The idea is going non-parametric and let the data decide the number of clusters it is more confortable with.
Imagine you decide that you have $K$ components. If $z_n$ is the cluster assignment of point $n$, you can put a prior over the assignments: $\boldsymbol{\pi} = [p_1, p_2...,p_k]$. If you put yet another prior over $\mathbf{\pi}$ you can avoid specifying them. We use a Multinomial prior and a Dirichlet prior. You would have:
$$
p(z_n | \boldsymbol{\pi}) \sim \text{Multinomial}(\mathbf{\pi})\\
p(\boldsymbol{\pi} |\alpha) \sim \text{Dirichlet}(\alpha)
$$
On the other hand, you put also a prior on the latent parameters of a component $i$, $\mathbf{\theta_i}$.
$$
p(\boldsymbol{\theta_i}) \sim G_0\
$$
And you also have the likelihoods to say what is the probability of the observed data point $x_n$ given it belongs to component $i$:
\begin{align}
p(x_n | \theta_i)
\end{align}
Up to here, this is a GMM with a fixed number of components or clusters.
Now, the trick is to assume that $K$ goes to infinity [1]. If you do so, you end up with a Dirichlet Process prior and you will be able to infer the number of clusters, the parameters of every cluster and the clusters assignments.
The idea of the Dirichlet Process as a base for non-parametrical models is quite popular.
I think I've seen something applied to HMM, but I'm not sure about that.
[1] I wrote the maths explicitly here, but it's only a draft, I would like to add some images and examples.
PS: See also this popular post: http://blog.echen.me/2012/03/20/infinite-mixture-models-with-nonparametric-bayes-and-the-dirichlet-process/
Best Answer
I like the article entitled Observations on the Use of Growth Mixture Models in Psychological Research. Perhaps not as theoretical as you would like but it is very enlightening. It is written in the context of longitudinal research I think, and within the psychological realm, but a lot can be learned from it.

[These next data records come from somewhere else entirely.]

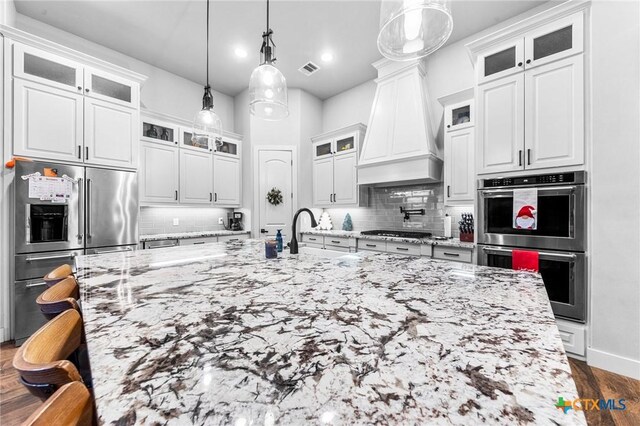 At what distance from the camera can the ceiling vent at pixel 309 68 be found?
394 cm

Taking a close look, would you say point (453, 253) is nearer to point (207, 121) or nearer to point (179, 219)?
point (207, 121)

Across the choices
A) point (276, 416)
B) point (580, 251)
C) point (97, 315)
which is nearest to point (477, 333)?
point (276, 416)

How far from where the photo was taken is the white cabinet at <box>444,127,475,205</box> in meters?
2.94

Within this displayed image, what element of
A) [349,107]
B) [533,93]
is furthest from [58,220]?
[533,93]

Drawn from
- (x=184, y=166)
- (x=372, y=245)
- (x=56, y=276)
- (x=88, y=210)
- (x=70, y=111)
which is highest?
(x=70, y=111)

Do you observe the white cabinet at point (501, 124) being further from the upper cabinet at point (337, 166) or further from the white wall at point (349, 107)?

Edit: Actually, upon second reading there is quite a bit of theoretical/philosophical discussion in that paper! Seems relevant.

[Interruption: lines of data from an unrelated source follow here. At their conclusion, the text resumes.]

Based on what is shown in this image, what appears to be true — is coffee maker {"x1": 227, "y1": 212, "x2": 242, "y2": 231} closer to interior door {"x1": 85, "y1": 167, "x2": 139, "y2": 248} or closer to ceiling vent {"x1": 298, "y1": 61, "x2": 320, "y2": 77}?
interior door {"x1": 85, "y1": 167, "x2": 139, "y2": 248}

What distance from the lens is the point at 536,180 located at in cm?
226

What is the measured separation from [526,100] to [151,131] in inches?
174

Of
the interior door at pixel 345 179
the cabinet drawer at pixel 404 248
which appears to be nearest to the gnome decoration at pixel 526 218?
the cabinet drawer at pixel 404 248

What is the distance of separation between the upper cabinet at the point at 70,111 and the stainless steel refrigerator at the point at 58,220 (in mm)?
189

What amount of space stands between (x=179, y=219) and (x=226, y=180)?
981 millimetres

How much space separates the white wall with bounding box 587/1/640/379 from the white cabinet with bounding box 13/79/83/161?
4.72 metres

Edit: I would also like to add another paper to this answer, entitled What's a taxon? Meehl argues that there are true clusters in nature and provides a salient example there there are gophers, and there are chipmunks, but there are no gophmunks. This does a good job at defining a taxonic group, and highlights that such taxons may also be common in humans. A great deal of research has sought to answer such questions using latent cluster analyses and such.